I felt ready but anxious race week. I had successfully completed a tough training block in the three weeks since American River 50 Mile. I negotiated hill repeats, tempo runs, long runs and track workouts while staying healthy. Niggles were immediately dealt with via massage or A.R.T. sessions. Comparing ultrasignup results from 2014, it was obvious that sub-24 hour runners at Western States were finishing Miwok in around 12 hours, about 11:30 minutes per mile. My average pace for trail racing in the Marin Headlands is about 12:30 pace. I had my work cut out for me. My "A" goal would be sub-12, "B" goal sub-13, and "C" goal would be simply to finish and establish a qualifier for the 2016 WS100 lottery.
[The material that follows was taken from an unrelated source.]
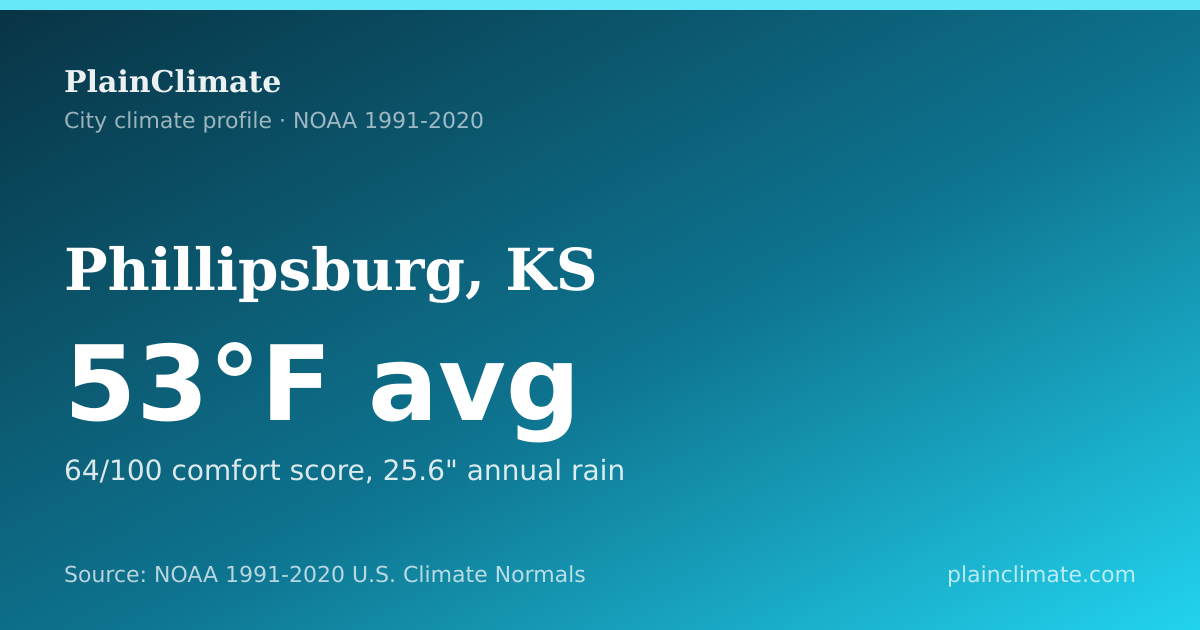 Shareable climate summary card for Phillipsburg, KS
Rather than focusing on pace, I decided to keep my effort between zone 2 and zone 3 for the duration of the race. This meant I would be running more of the climbs, as my heart rate tends to recover quickly when I hike. Fueled by one bottle of Tailwind (200 calories), one packet of the sweet Clif Organic Energy Food (affectionately referred to as 'baby food') and 5 grams of Master Amino Pattern every hour, I was prepared to give it my best shot.

32ten screening room
I picked up my bib at San Francisco Running Company on Wednesday afternoon and did a final shakeout jog through Tennessee Valley. Thursday night Twirly and I joined others at the San Rafael showing of the Trails in Motion Film Festival. The films were awesome, but the venue cooler still. It was held at 32ten Studios, the original Industrial Light and Magic special effects studio and screening room. We were told the courtyard where we milled about drinking beer and eating was where Star Destroyers were blown up!
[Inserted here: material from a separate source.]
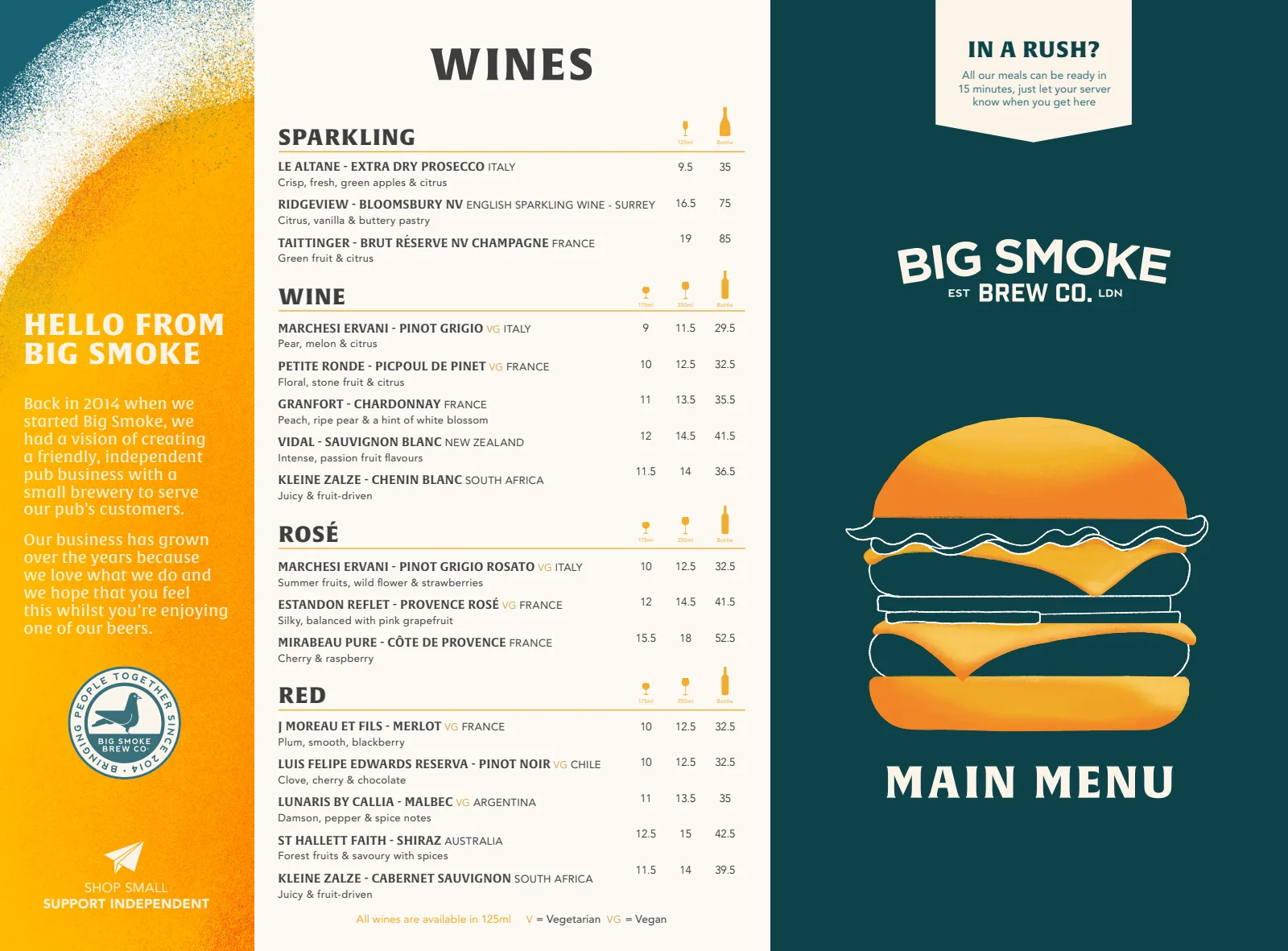 The Oceanic & The Globe Main Menu — page 2 of 2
One of many set stills lining the halls of 32ten Studios

Race morning dawned balmy, and it was a quick trip across the bridge and over the hill to Stinson Beach. Twirly dropped me off at the community center before heading straight to Tennessee Valley to catch some shut eye until I drew near. After three years of crewing ultras, she realizes that the start is one place she doesn't need to be.

Race Director Tia Bodington gave the pre-race instructions without amplification, so I doubt anyone more than ten feet back heard a word she said. At 5:00 am, she counted us down and we all ran the pavement leading to the Dipsea trail and the single track climb to Cardiac. Some funny guy behind me yelled "ON YOUR LEFT!!!" as we all slowed to file onto the single track trail. It was cool and humid. Fog blew through the Dipsea Moors illuminated by 300 headlamps. I chose to use my handheld flashlight, as my hands were free. I used the Mountain Hardware pack I got at States in 2014. It holds two bottles on the shoulder straps.

Steep Ravine was socked in. My Julbo Venturi's fogged up! I kept a steady effort on the climb, setting the first of many Strava segment PRs for the day. As I made the turn from the Dipsea Trail to the Deer Park Fire Road, I was startled by a bagpipe player starting up his swooning tune.

The conga line spread out on the descent of Deer Park fire road. The sky began to lighten, birds began to sing, turkeys gobbled in the woods. I shadowed a small group along the runnable Redwood Creek Trail, leaving enough space between me and the three runners to avoid being on the bouncy footbridges at the same time. Overcast skies kept the temperatures cool, and everyone I crossed on the out and back to the Muir Beach Aid Station looked to be in good spirits. I exchanged high fives with Leigh-Ann on my way out to the Middle Green Gulch climb.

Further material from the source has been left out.